N'y a-t-il pas aussi, dans cette fixité récurrente, une envie de limiter l'intervention humaine visible ? Adam joue complètement cette carte avec l'intervention à l'écran de l'animateur, mais le reste du temps, les personnages et les décors sont lisses, impeccables, presque autonomes dans leurs mouvements.

Il y a plusieurs raisons à cela. L'angle économique est inévitable : une minute d'animation coûtera toujours moins cher à produire s'il y a peu d'éléments à modifier. Il y a un aspect technique aussi : en limitant les modifications, on limite les risques de ruiner tous les efforts à cause d'un malheureux incident, c'est un principe bien connu de tous les animateurs dit «de table».

Copyright  Aardman Animations Ltd and Studiocanal

 

Justement : à l'ère du numérique, l'animation est devenue, si pas facilement accessible, en tout cas plus économiquement abordable. Beaucoup de logiciels gratuits comme Blender permettent de faire de l'animation chez soi, sur son ordinateur, à condition de maîtriser un peu la technique. Pixar a récemment mis gratuitement en ligne le logiciel qu'ils utilisent aussi...

Il ne faut pas sous-estimer la complexité du numérique: pour tout dessin fait par ordinateur, il a fallu dans un premier temps dessiner justement, puis colorier, faire les rendus, respecter une suite d'opérations qui prennent du temps et de l'énergie. Le véritable intérêt du numérique tient dans l'industrialisation du travail, dans cette capacité aujourd'hui de faire les layouts sur un continent, les décors sur un autre, et le coloriage chez Digital Graphics à Liège par exemple, etc.

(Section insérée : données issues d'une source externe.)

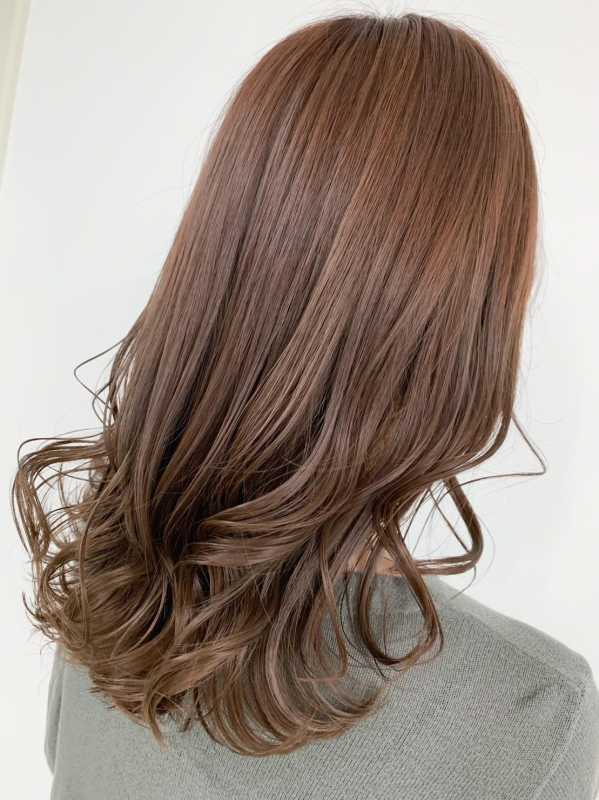 ブリーチなしでも楽しめるヘアカラー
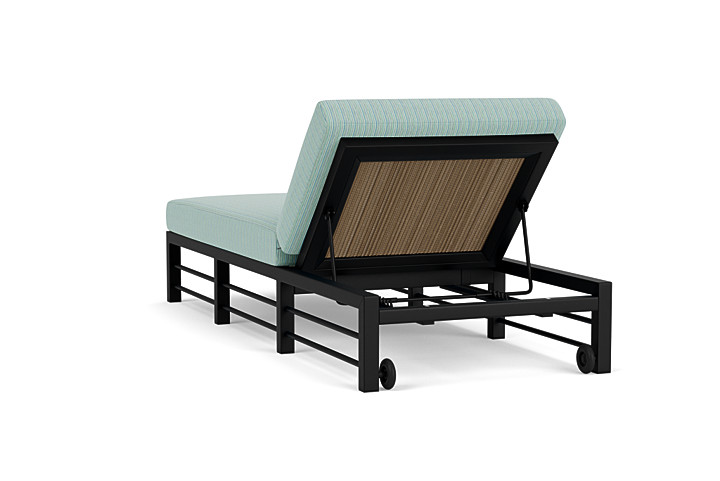 Lloyd Flanders™ Southport Chaise  - Fawn, Unearth Dew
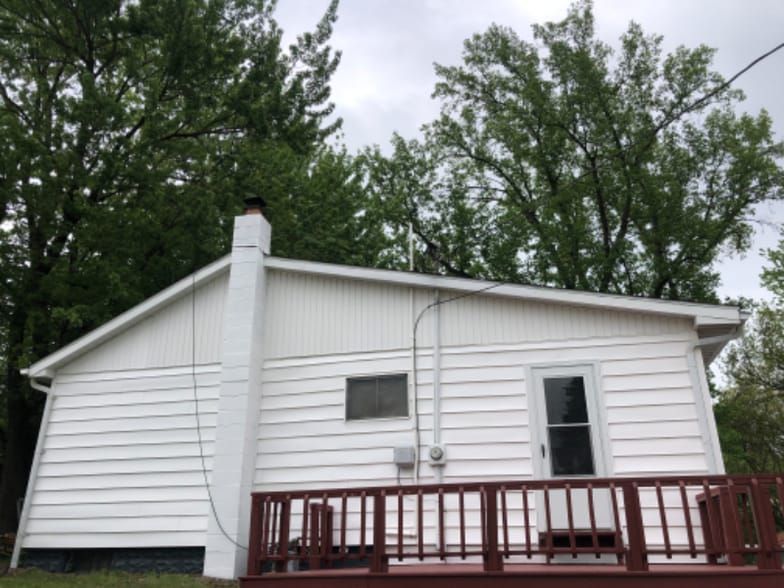 Building Photo - 133 Lakeside Dr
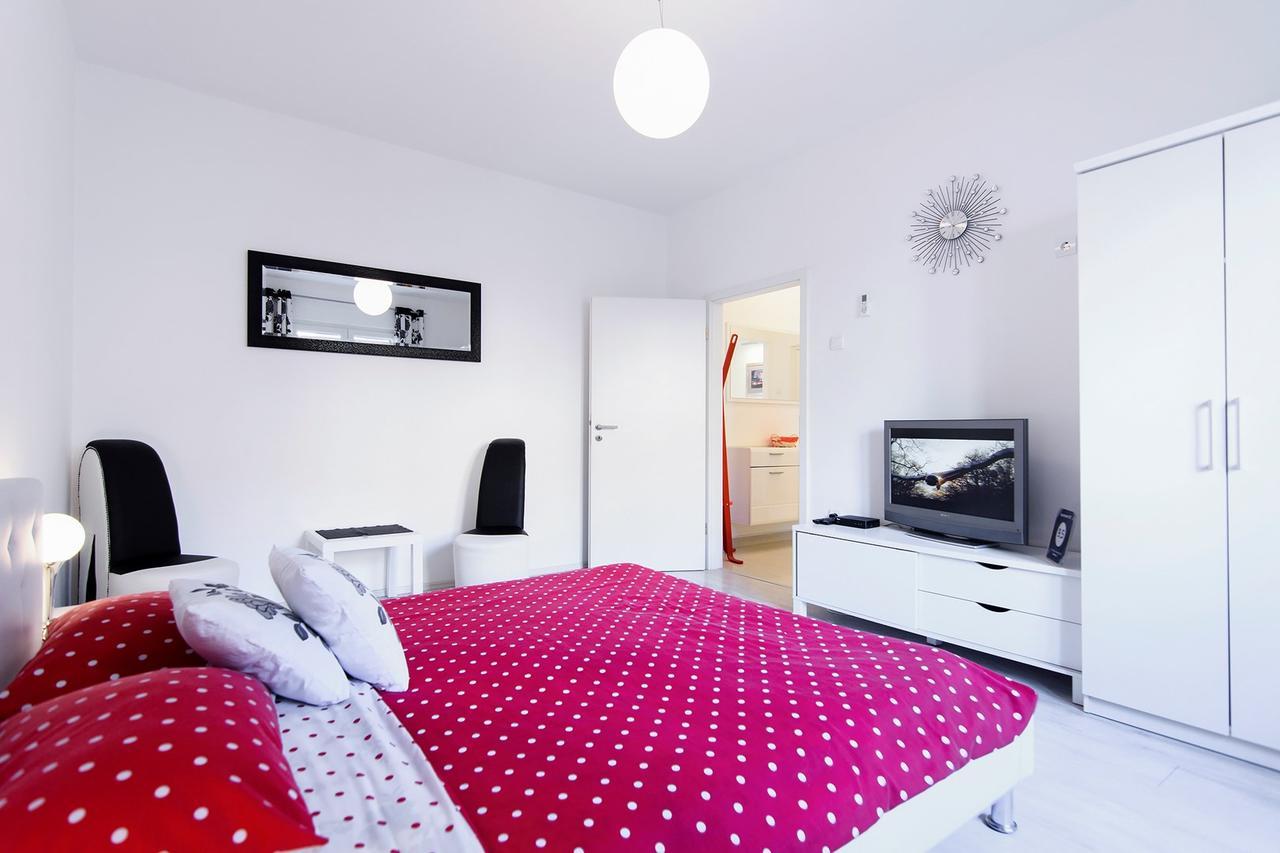Fifi Apartment W. Parking In Old Town ซาดาร์ ภายนอก รูปภาพ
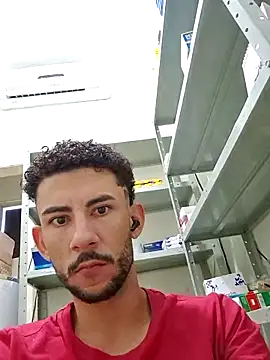 saraivaaa2002 online show from May 8, 2026, 5:17 pm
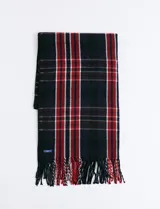 Bufanda de estilo escocés con diseño de cuadros en tonos verde, azul y líneas finas en rojo. Presenta flecos en los extremos y una etiqueta pequeña de la marca.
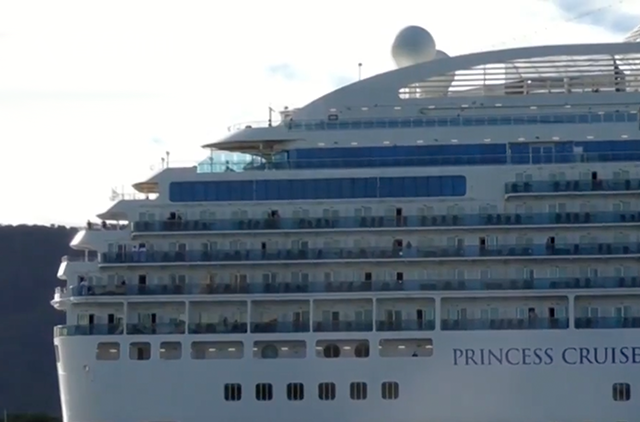 视频｜澳大利亚:一邮轮暴发疫情 2000名游客在船上隔离休闲区蓝鸢梦想 - Www.slyday.coM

C'est une facilité et une rapidité qui explique aussi pourquoi on voit très majoritairement des films en numérique aujourd'hui.

Aardman joue beaucoup de ce côté «artisanal» – où il excelle par ailleurs, indiscutablement –  pour se placer sur le marché. Ce n'est pas un geste critiquable en soi, c'est important de se démarquer pour survivre sur les écrans. C'est juste ridicule que les critiques tombent parfois dans le piège du «allez voir tel film, réalisé à l'ancienne !» comme si c’était le seul argument pour défendre un film d’animation.

 Bastien Martin
Mai 2015

 

crayongris2Bastien Martin est chercheur en Arts et Sciences de la Communication. Ses recherches doctorales portent sur le cinéma d'animation belge.

 
 


1Le mickey mousing est une technique initialement employée dans de nombreux courts métrages de Disney qui consiste à souligner exagérément chaque bruit par un son musical. Cette technique sera réemployée dans de nombreux films, y compris en dehors de l'animation, comme Le Mouchard de John Ford ou plus largement le cinéma de Jacques Tati.
2 Méconnu en Europe, Mel Blanc est une véritable légende aux États-Unis, et pour cause : avec pas moins de 1000 personnages à son actif, Mel Blanc est la célèbre voix derrière l'ensemble des cartoons des années 40 aux années 80 : Porky Pig, Daffy Duck, Bugs Bunny, Woody Woodpecker, Titi, Grosminet mais aussi de nombreuses séries d'Hanna-Barbera dont les Pierrafeu et les Jetson.